Wie hat sich eure Arbeit in den letzten Jahren verändert?
Thomas Hauert: Seit der Coronapandemie ist das Thema Lage deutlich präsenter geworden. Unsere Arbeit wird seither innerhalb der Stadt und SRZ-intern stärker wahrgenommen, und wir konnten uns als Lagebüro vor allem bei den Führungskräften etablieren. Auch die Zusammenarbeit mit der Stapo hat sich weiter intensiviert.
Johannes Haugstetter: Auch aus meiner Sicht hat vor allem die Pandemie viel verändert. Ich nehme seither eine stärkere gesellschaftliche Polarisierung wahr, die sich auch im Informationsraum manifestiert – sei es in den klassischen oder in den sozialen Medien. In vielen Beiträgen wird gar nicht erst versucht, Sachverhalte objektiv darzustellen. Tendenziöse Berichterstattung ist nicht immer offensichtlich als solche erkennbar. Das macht die Arbeit im Bereich Lage noch komplexer.
Was sind eure Erfolgserlebnisse?
Thomas Hauert: Wenn es uns gelingt, Themen frühzeitig zu erkennen und die entsprechenden Informationen so aufzubereiten, dass sie sich positiv auf das Handeln der Führungskräfte auswirken. Uns motiviert auch sehr, wenn SRZ-Mitarbeitende Einträge im ILB vornehmen. Solche Meldungen – egal, ob positiv oder negativ – sowie die Klickzahlen des ILB zeigen, dass es rege genutzt wird.
Johannes Haugstetter: Für mich ist immer wieder schön, zu sehen, dass schon eine kleine Information des Lagebüros eine grosse und positive Wirkung haben kann.

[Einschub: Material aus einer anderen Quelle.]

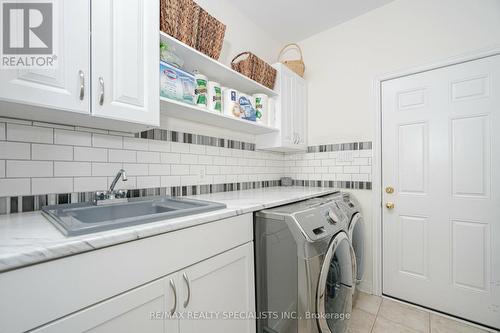 37 Everingham Circle, Brampton, ON - Indoor Photo Showing Laundry Room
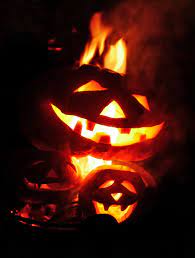 Número de identificação do vídeo 1016183275. Fire Pit With Jack O Lanterns Jack O Lantern Pumpkin Carving Carving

Wir versorgen die Mitarbeitenden von SRZ mit lagerelevanten Nachrichten. Wir ermöglichen dem Kader durch Empfehlungen einen Führungsvorsprung. Wir pflegen unser Netzwerk mit den Partnerorganisationen, um den Lageverbund zu begünstigen.
Die «Lage» umfasst den Zeitraum vom aktuellen Zeitpunkt aus betrachtet nach vorn in die Zukunft. Berücksichtigt wird nur die jüngste Vergangenheit, weit zurückliegende Ereignisse oder Situationen sind nicht relevant. Es geht darum, zu erarbeiten, welche Probleme einen in der Zukunft beschäftigen und welche Relevanz mögliche Entwicklungen auf die Organisation haben könnten, um danach durch sinnvolle Annahmen und gezielte Empfehlungen einen bestmöglichen Vorbereitungsstand zu erreichen, der das Problem bei tatsächlichem Eintreten einfacher lösbar macht.